During our visit in the Palestinian Occupied Territories, Slow Food discussed the possibility of launching a Slow Food presidium with olive oil producers from Qira. The presidium would recognize and guarantee the quality of the oil its cultural value, and its provenance, the fruit of centuries-old trees scattered throughout a dry, stony landscape. A presidium would create links between communities of olive oil producers and promote an exchange of ideas and support. Fareed Taamallah, a Palestinian producer, journalist, and member of Slow Food Ramallah, tells us: “The olive tree is seen by many Palestinians as a symbol of nationality and a connection to the land, particularly due to their slow growth and longevity. Because the trees are draught-resistant and grow even in poor soil, they represent Palestinian resistance and resilience. The fact that olive trees survive and bear fruit for thousands of years is parallel to Palestinian history and continuity on the land, Palestinians are proud of their olive trees, they take care of them with care and appreciation”.
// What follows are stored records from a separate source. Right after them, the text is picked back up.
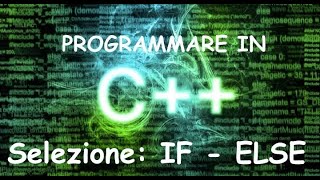 Programmazione C++ - Selezione: If-Else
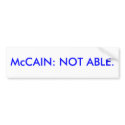 McCAIN: NOT ABLE. bumper stickers by maximus7 McCAIN: NOT ABLE. bumper stickers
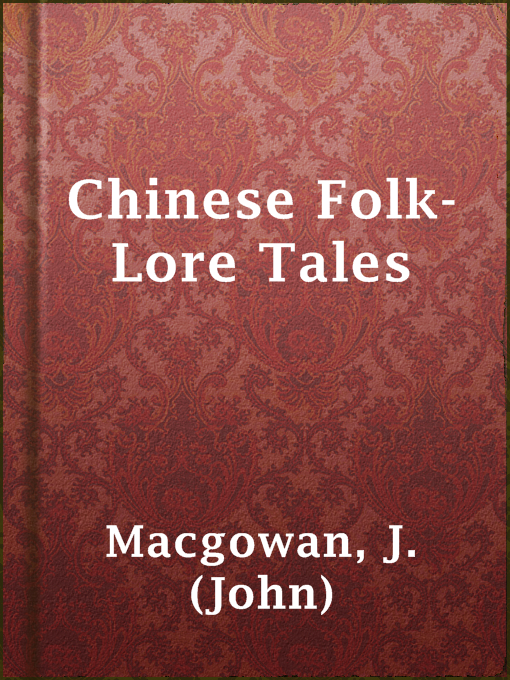 Title details for Chinese Folk-Lore Tales by J. (John) Macgowan - Available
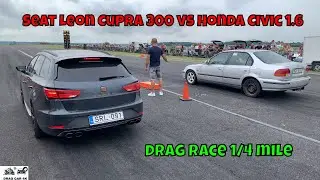 Seat Leon Cupra 300 vs Honda Civic 1.6 drag race 1/4 mile 🚦🚗 - 4K UHD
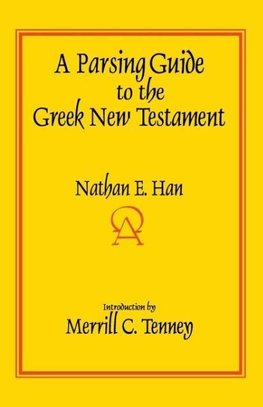 A Parsing Guide to the Greek New Testament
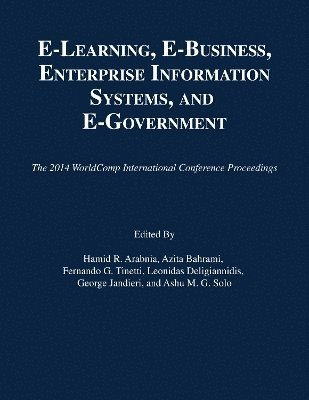 Hamid R Arabnia, Azita Bahrami, Fernando G Tinetti, Leonidas Deligiannidis, George Jandieri, Ashu M G Solo - E-Learning, E-Business, Enterprise Information Systems, and, Häftad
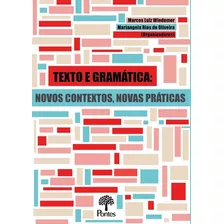 Texto E Gramática: Novos Contextos, Novas Práticas, De Oliveira, Mariangela Rios De / Wiedemer, Marcos Luiz. Editora Pontes Editores, Capa Mole Em Português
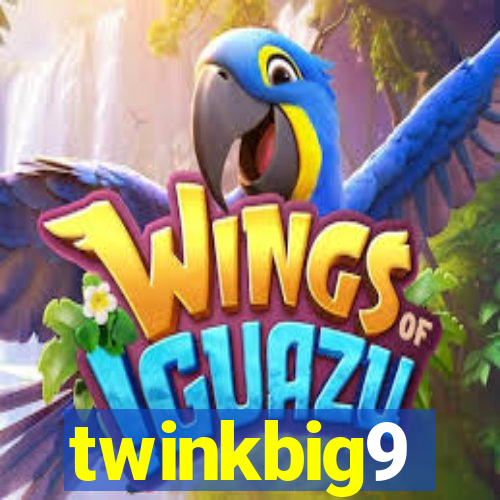 twinkbig9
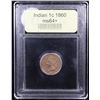 Image 4 : ***Auction Highlight*** 1860 Indian Cent 1c Graded Choice+ Unc By USCG (fc)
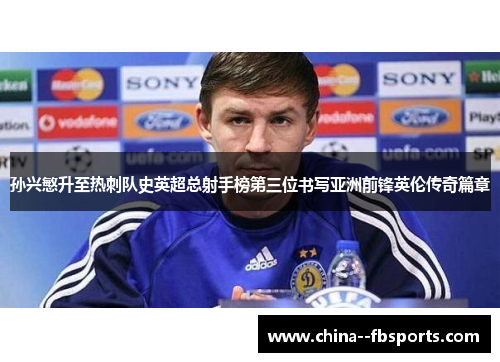 孙兴慜升至热刺队史英超总射手榜第三位书写亚洲前锋英伦传奇篇章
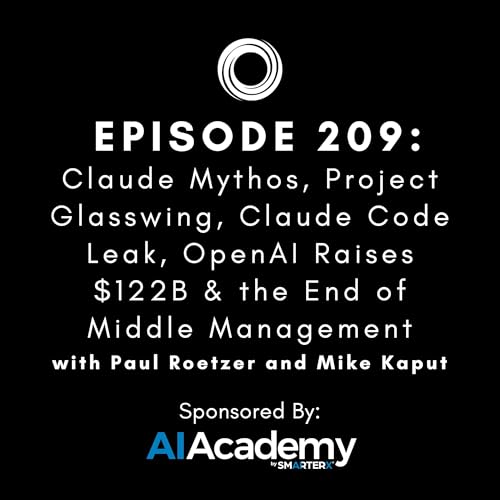 #209: Claude Mythos, Project Glasswing, Claude Code Leak, OpenAI Raises $122B & the End of Middle Management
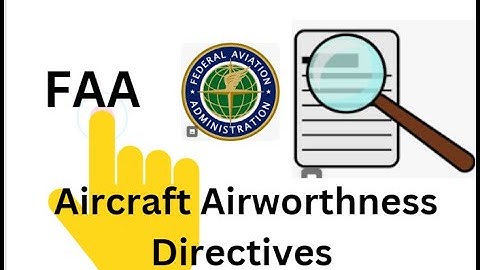 HOW TO FIND FAA Airworthiness Directives?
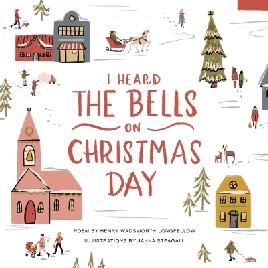 "I Heard the Bells on Christmas Day" by Longfellow, Henry Wadsworth, 1807-1882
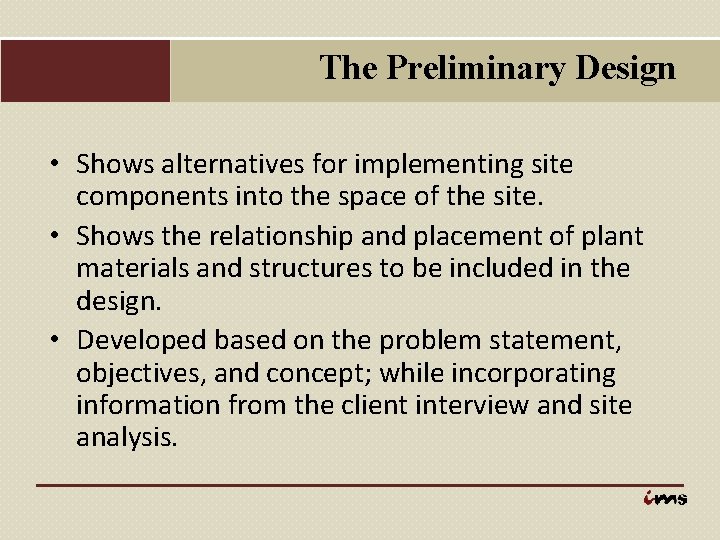 The Preliminary Design • Shows alternatives for implementing site components into the space of
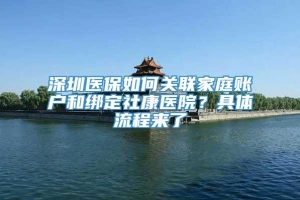 深圳医保如何关联家庭账户和绑定社康医院？具体流程来了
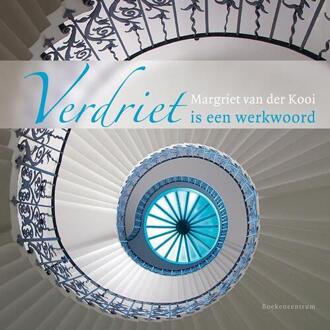 Verdriet is een werkwoord - Boek Margriet van der Kooi (9023926331)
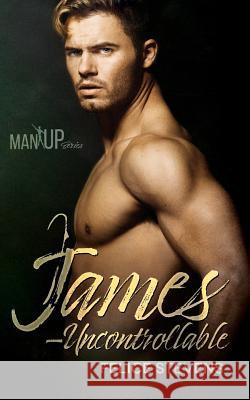 James - Uncontrollable Felice Stevens 9781727589641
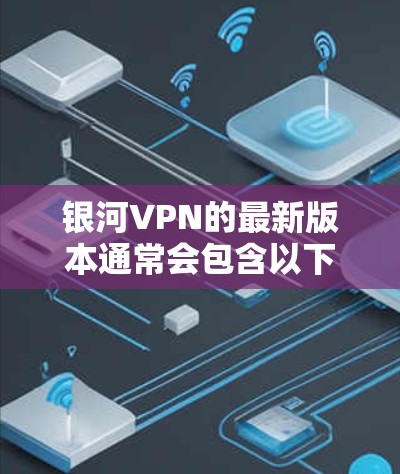 银河VPN的最新版本通常会包含以下主要更新和改进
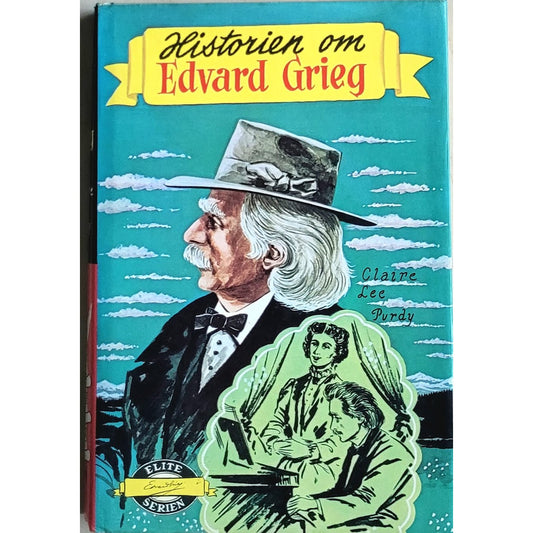 Historien om Edvard Grieg - Eliteserien nr. 29, brukte bøker av Claire Lee Purdy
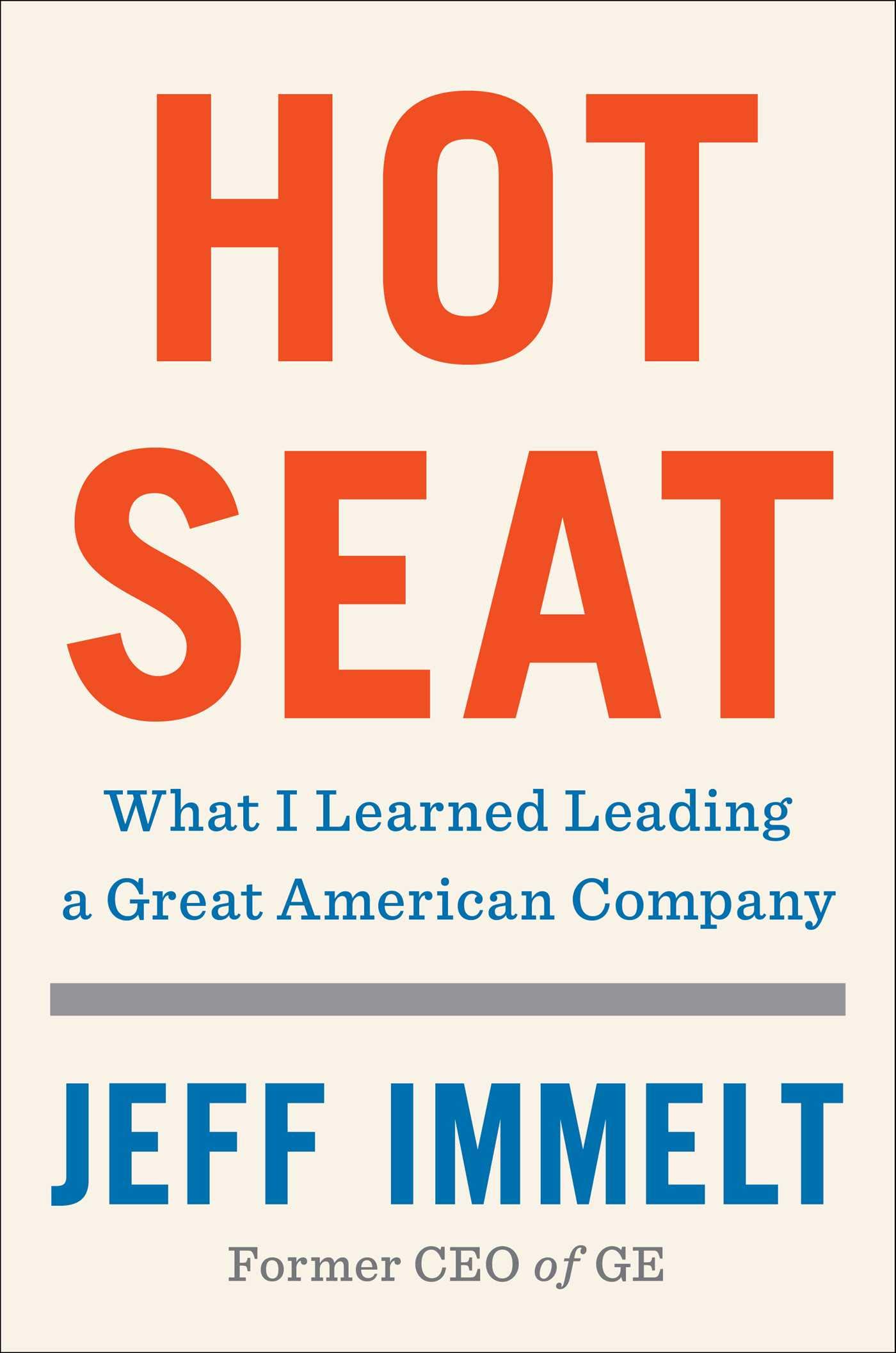 Avid Reader Press / Simon & Schuster Hot Seat: What I Learned Leading a Great American Company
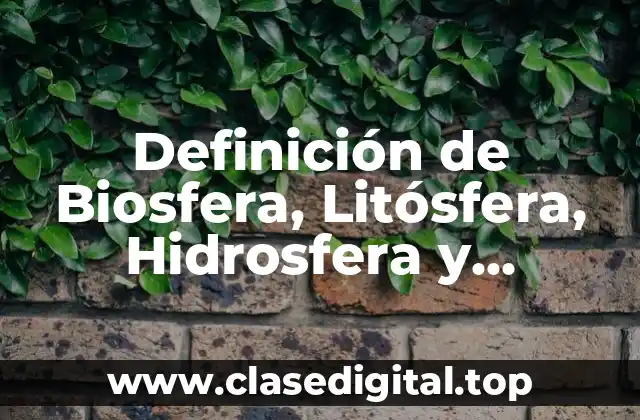 Definición de Biosfera, Litósfera, Hidrosfera y Atmosfera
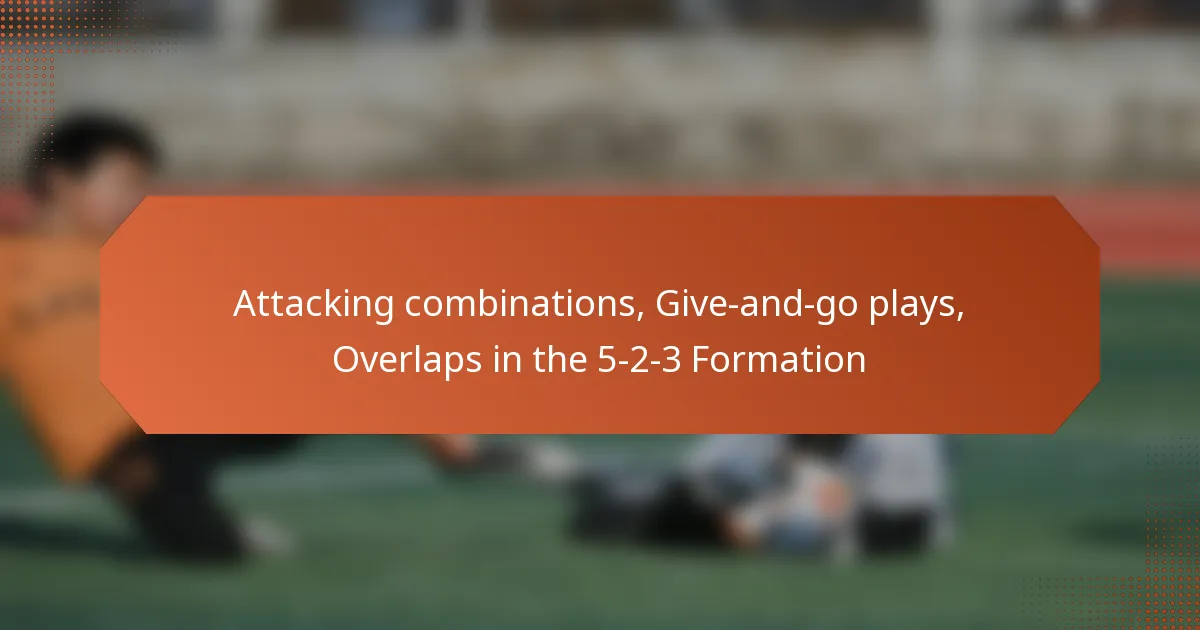 featured-image-attacking-combinations-give-and-go-plays-overlaps-in-the-5-2-3-formation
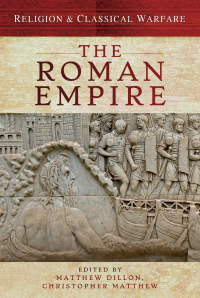 صورة الغلاف: Religion & Classical Warfare: The Roman Empire 9781473834309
The Slow Food network in Palestine, which met in Ramallah on February 3, is working to organize a Slow Olive event in 2020, using it as a chance to launch the proposed presidium, and to welcome producers from around the Mediterranean.
In the heights of the Jordan valley, near Jericho, in the village of Al-Jiftlik, a Slow Food community of date producers, supported by the Fondazione Giovanni Paolo II, survive in increasingly difficult conditions. Dwindling water reserves and repeated Israeli incursions make planning for the future no easy task. To make matters worse, the village falls under the Israeli administration of Area C, which covers some 60% of the West Bank. This means that local representation is nonexistent, and leaves nobody to fight against the influence of the agrochemical industry that pushes for the indiscriminate use of Round-up and countless other chemical fertilizers and pesticides. It is with the help of Saad Dagher, the ‘father’ of agroecology in Palestine, that Slow Food is promoting better agricultural methods in the area. Progress tends to move slowly, but generally farmers will see what their neighbors are doing and if they see things working, will be inspired to try it themselves.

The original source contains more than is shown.